Now, under the statute, a District Court cannot restrain the notifying of parties by interested individuals (section 104 (g) of an intention to refuse to work; nor can the court prevent, in the absence of fraud or violence, the giving of publicity to the facts in the controversy (section 104 (e) or encouraging others to refuse to work (section 104 (i). The fact that the notification and the publicity will result in coercing the parties informed and cause them to refrain from contracting with the appellees cannot be taken into consideration, for the court is without the power to prevent such notification.

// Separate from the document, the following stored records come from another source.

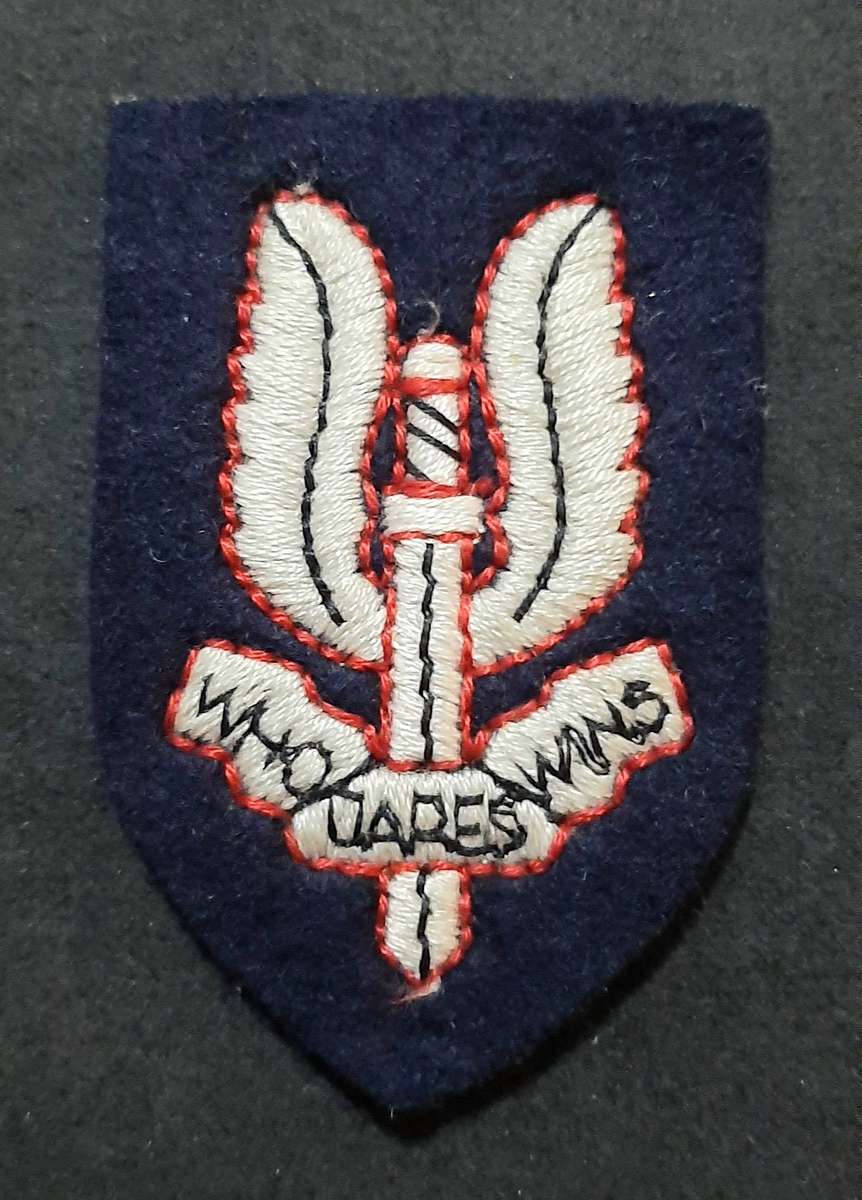 RARE: 1980s/1990s British S.A.S Embroidered Unit Beret Badge.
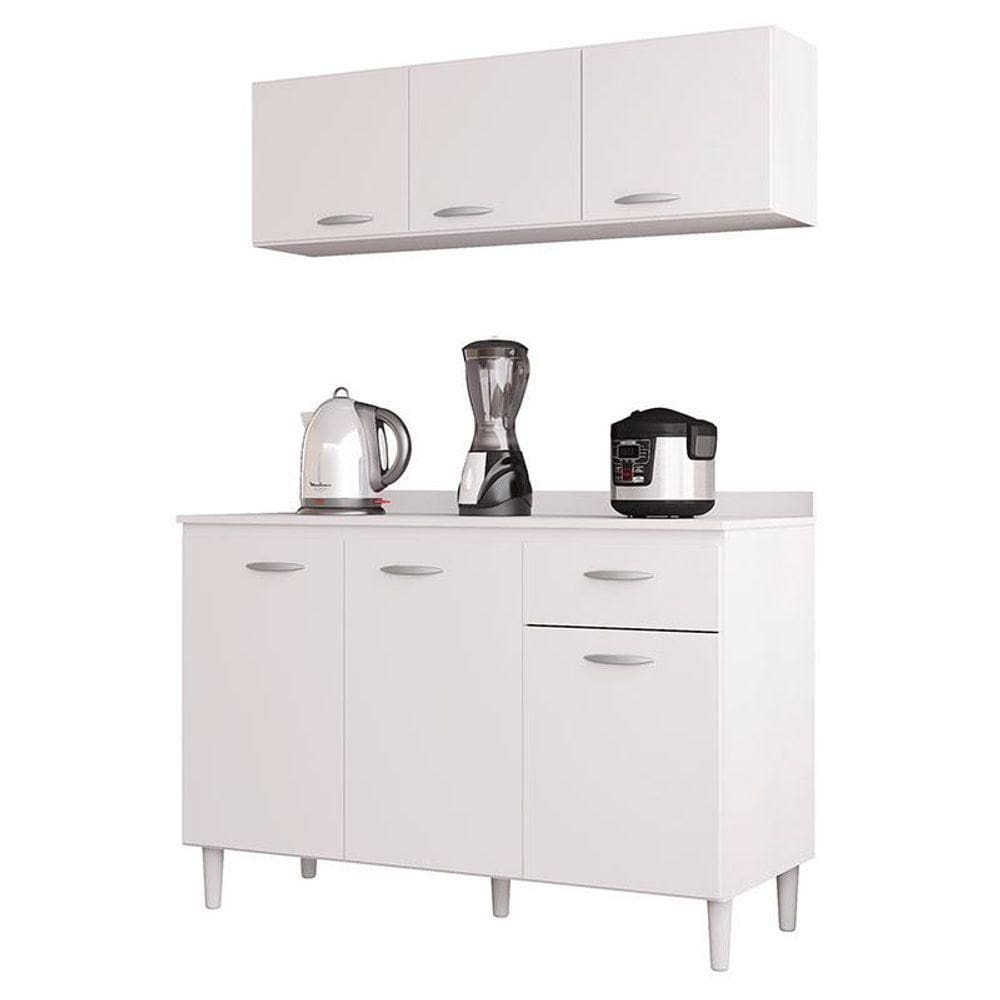 Balcão De Cozinha Com Tampo E Armário Aéreo 120 Cm Branco Brilho - Poquema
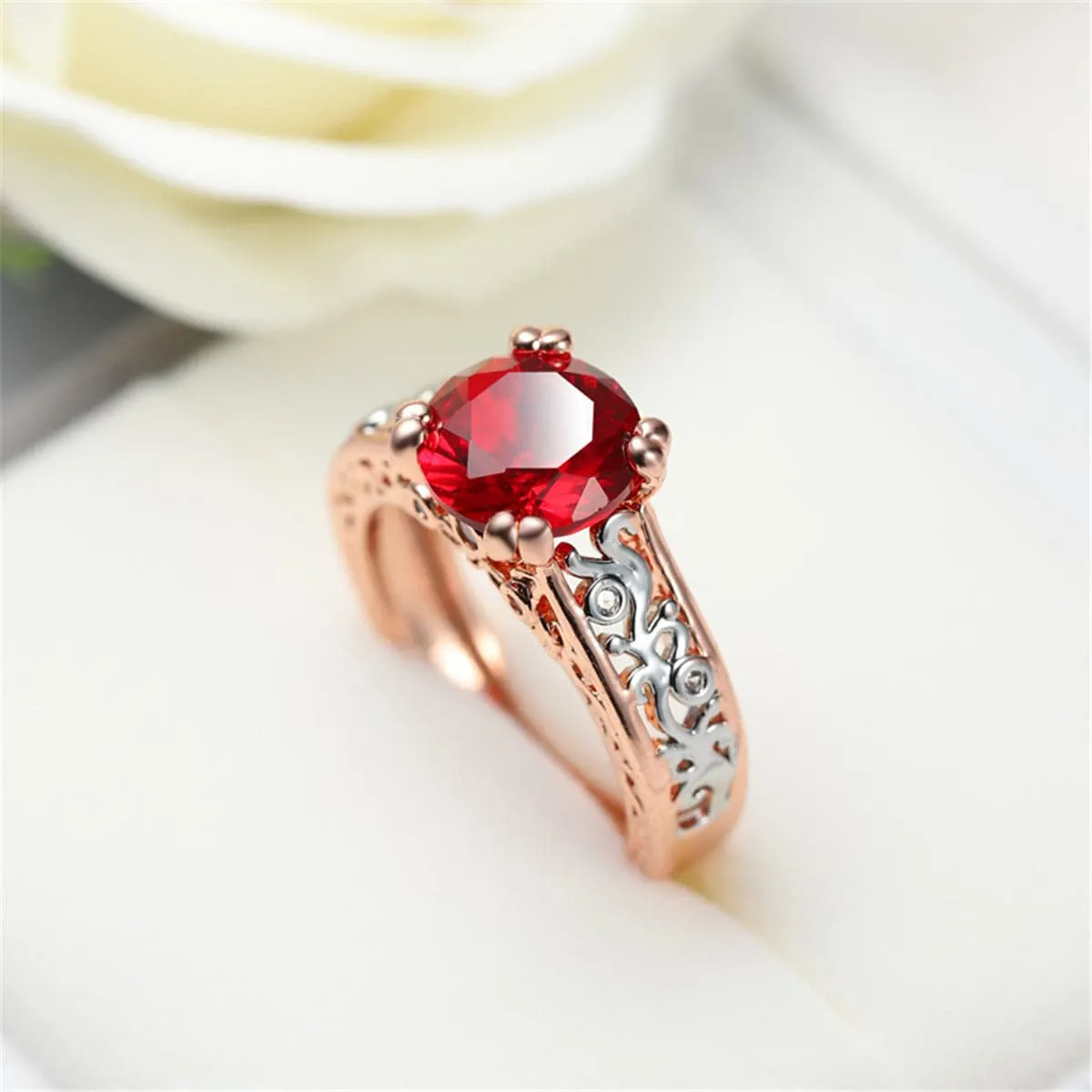 Crystal & Two-Tone Cocktail Ring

The court has not the power or authority to issue an injunction against these appellants who are engaged in a controversy arising out of an attempt to establish a closed shop by notifying general contractors and architects of an intention of members of a union to refuse to work, nor can these appellees prevent these appellants from refusing to work or inciting sympathetic strikes.

It is argued, however, that the deprivation of the District Court of its power to issue an injunction in a case which does not involve interstate commerce and where the jurisdiction of the court is based upon diversity of citizenship is tantamount to a grant of jurisdiction with a concurrent withholding of the power to properly administer the causes over which the jurisdiction has been granted, and therefore the statute is unconstitutional within the rule announced in Michaelson v. United States, 266 U.S. 42, 45 S. Ct. 18, 69 L. Ed. 162, 35 A. L. R. 451. However, Congress has the power, as now exercised, of withdrawing this jurisdiction from the District Court. Congress may give either whole or restricted jurisdiction at its discretion, provided there is no extension beyond the boundaries fixed by the Constitution (Kline v. Burke Construction Co., 260 U.S. 226, 43 S. Ct. 79, 67 L. Ed. 226, 24 A. L. R. 1077), and Congress has the power to regulate the power which it grants (Ex parte Robinson, 19 Wall. 505, 22 L. Ed. 205; Michaelson v. United States, supra).

It has been said that the attributes which inhere on a grant of power over a subject and which are inseparable from it, cannot be rendered practically inoperative. But the power to issue an injunction is not necessarily within the class of inherent attributes. Smith v. Apple, 264 U.S. 274, 44 S. Ct. 311, 68 L. Ed. 678. Congress has not exceeded its powers in this legislation.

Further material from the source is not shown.